Store root veggies in your refrigerator crisper drawers. Exceptions are sweet potatoes, white potatoes, garlic and ginger (rhizome). Onions store best in cold with low humidity; white potatoes, in the 40’s with high humidity; sweet potatoes, ginger and garlic are best stored at room temperature, with low humidity.
Black radishes (Raphanus niger, cruciferous family) grow well in the Northeast and were traditionally stored over the winter. They are larger than springtime radishes and the strongest tasting radishes that I’ve had, but probably the most beneficial!
Qualities of Black radishes:
Super alkalizing—neutralize acids from other foods
Digestive builder—for liver, gall bladder and bowel peristalsis
Estrogen balancers—favoring balance of the healthiest forms of estrogen
Aids in hypo-thyroidism, (not a source of goitrogen)

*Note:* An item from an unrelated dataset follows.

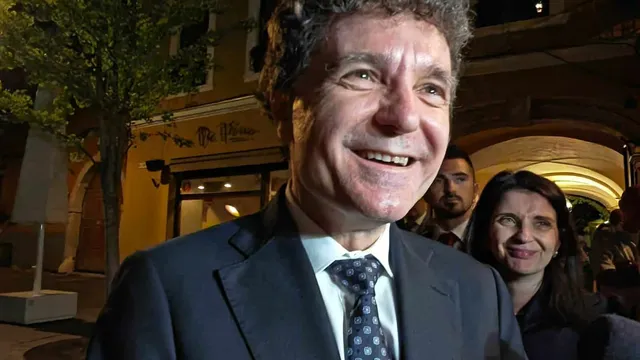 Un bărbat zâmbitor într-un costum închis și cravată modelată este surprins în prim-plan, având alte persoane și clădiri în fundalul nocturn.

High in indole-3 carbinol, as are other cabbage family veggies
Indole-3 carbinol (from the Life Extension website):
“It is a sad fact that the very hormones we need to stay young can cause adverse effects as we age. Consumption of cruciferous vegetables, however, can favorably alter one’s hormone profile.
“For instance, animal studies have shown that the cruciferous vegetable extract indole-3-carbinol (I3C) modulates estrogen hormones by favorably changing the ratio of protective 2-hydroxyestrone versus the damaging 16-hydroxyestrone. Indole-3-carbinol also induces phase I and II detoxifying enzymes that can help neutralize estrogen metabolites and xenobiotic estrogen-like environmental chemicals.
“Human studies support the beneficial role of I3C in positively altering estrogen metabolism. Di-indoyl-methane (DIM), a phytonutrient found in cruciferous vegetables, has been shown in animal studies to help maintain normal levels of a potentially damaging estrogen called 4-hydroxyestrone.”
Tips: Peel to use raw or cook like a turnip (black radishes are denser so allow for longer cooking time). Grating will lessen cooking time. Put grated radish in soups and stews in the last 10 to 15 minutes of cooking.